Há uma aparente gratuidade nesta sequência toda, mas se prestarmos atenção, veremos que não é bem assim. El juego de Antonia é, na verdade, o jogo que todos nós experimentados no dia a dia: a sobrevivência e suas alternativas. Por isso, enquanto Antonia joga, nós também jogamos com ela. A diferença é que ela busca a morte do homem, e nós, ignorantes do que ocorre, acompanhamo-la com curiosidade e, porque não reconhecer, até mesmo certa morbidade, quando descobrimos o morto. E é este debate que o espetáculo propõe. Os figurinos de Itiana Passetti sugerem uma época remota, mas não chegam a ser esplendentes: na verdade, os velhos experimentam a decadência de sua antiga opulência. A preparação vocal de Marlene Goidanich, e o preparo com a língua espanhola, por Ana Gabriela Vazquez, permite que ambos os atores possam se apresentar com desenvoltura e naturalidade, vencendo as consequentes dificuldades impostas pelos diferentes espaços em que o espetáculo ocorre. Assim, num primeiro momento, colocamo-nos com evidente curiosidade frente ao que descobrimos à medida em que adentramos os espaços escolhidos para a dramatização. Depois, somos convidados a uma interatividade que é aceita por boa parte do público, ainda que algumas pessoas se mantenham refratárias a tal aproximação. Nos momentos finais do espetáculo, então, quando do enterro, combinam-se, de certo modo, o distanciamento de alguns e a plena integração de outros. Seja como for, o espetáculo alcança plenamente seus objetivos.

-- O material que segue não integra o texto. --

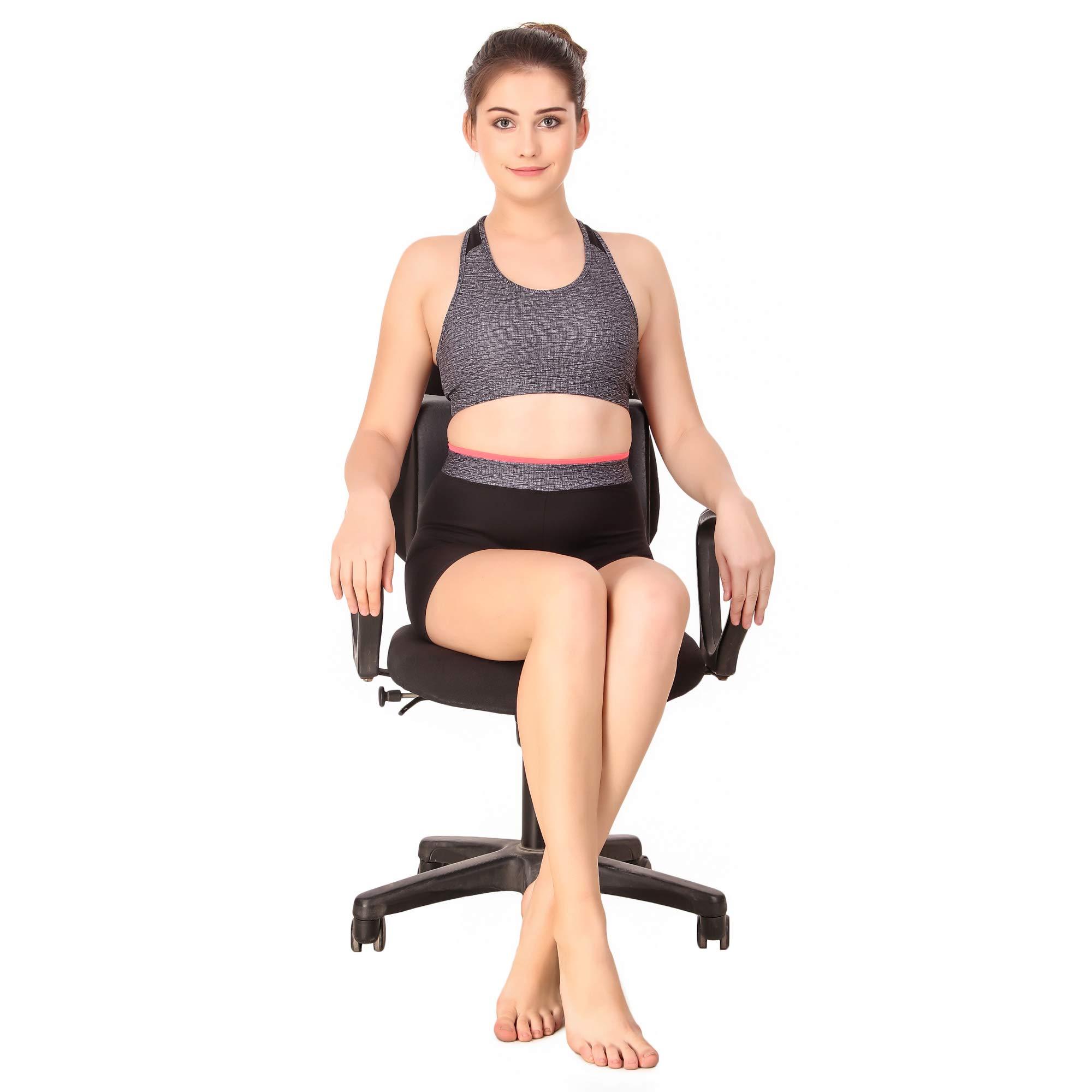 SE Rehabilitation SE Rehabilitation Lumbar Back Rest Support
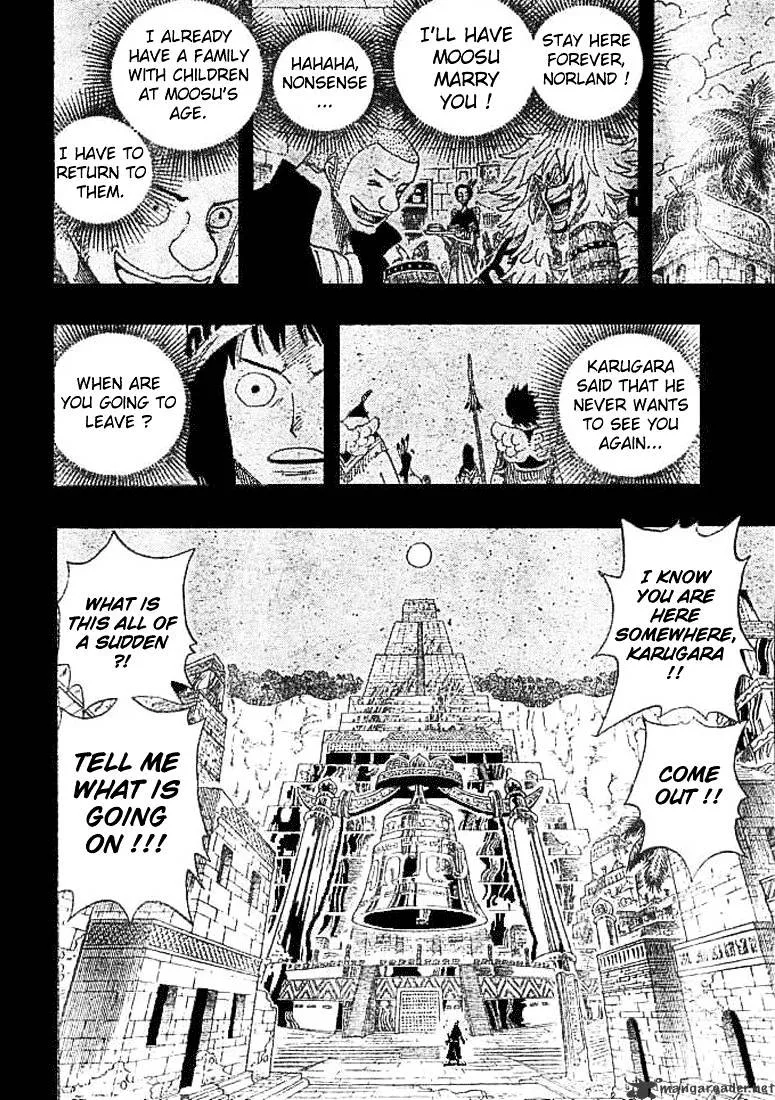 One Piece Chapter 291 page 2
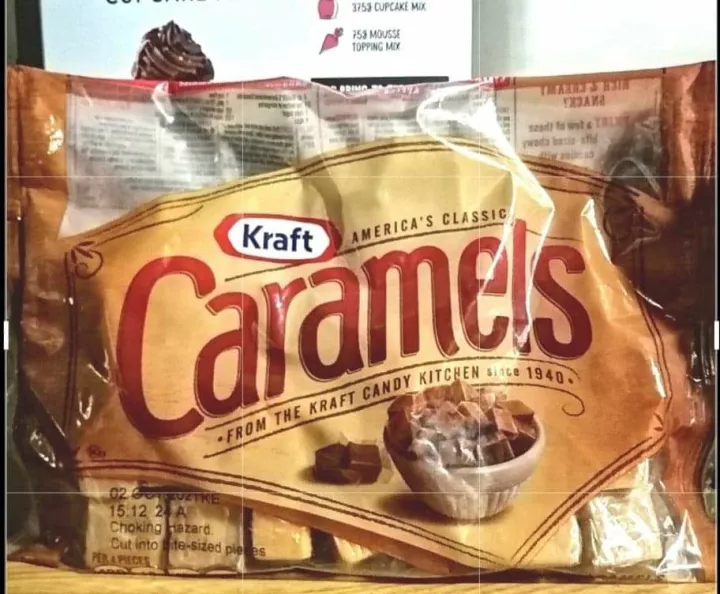 Kraft America's Classic Caramels 11 oz (311g) Lazada PH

A produção de Alexandre Vargas, para o Centro de Pesquisa Teatral do Ator é bem cuidada, embora se possa imaginar não ser fácil. A ambientação deve obedecer, certamente, a um planejamento geral, mas precisa se adaptar o melhor possível a cada ambiente em que o espetáculo se concretiza. Neste sentido, El juego de Antonia se coloca como um simulacro, literalmente, um jogo - não apenas de Antonia - quanto de todos nós, que acabamos por também aderir a sua proposta.